Exercise brief =
What is wanted is every line below from the one with "GAP, Pulover din" up to and including the one with "Simplebrand Rod Pocket", retyped exactly, pictures excluded, nothing else.

The records =
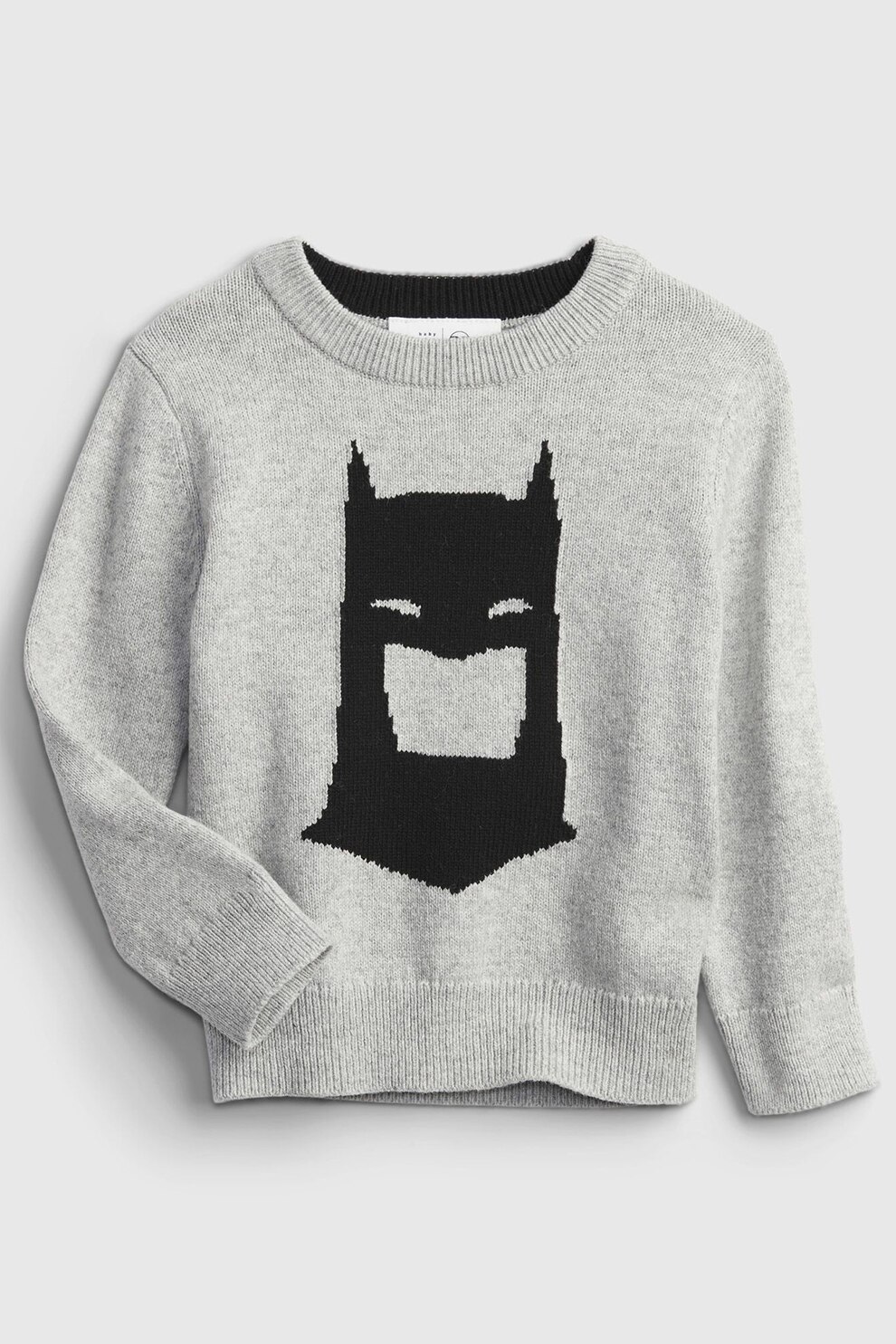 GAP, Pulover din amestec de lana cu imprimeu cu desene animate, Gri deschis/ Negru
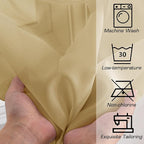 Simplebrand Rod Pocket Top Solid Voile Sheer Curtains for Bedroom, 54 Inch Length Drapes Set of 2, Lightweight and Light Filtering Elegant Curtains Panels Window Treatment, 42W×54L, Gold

--

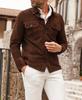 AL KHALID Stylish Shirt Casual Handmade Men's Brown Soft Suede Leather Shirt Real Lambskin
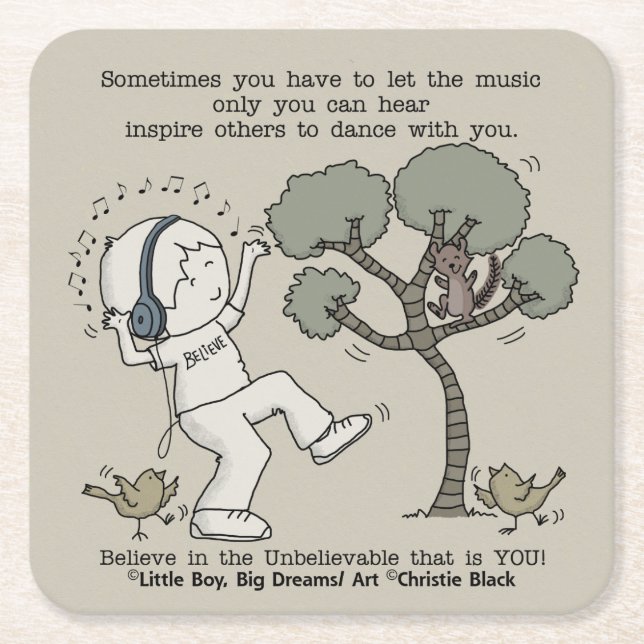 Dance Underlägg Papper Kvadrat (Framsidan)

Answer section =
 GAP, Pulover din amestec de lana cu imprimeu cu desene animate, Gri deschis/ Negru
 Simplebrand Rod Pocket Top Solid Voile Sheer Curtains for Bedroom, 54 Inch Length Drapes Set of 2, Lightweight and Light Filtering Elegant Curtains Panels Window Treatment, 42W×54L, Gold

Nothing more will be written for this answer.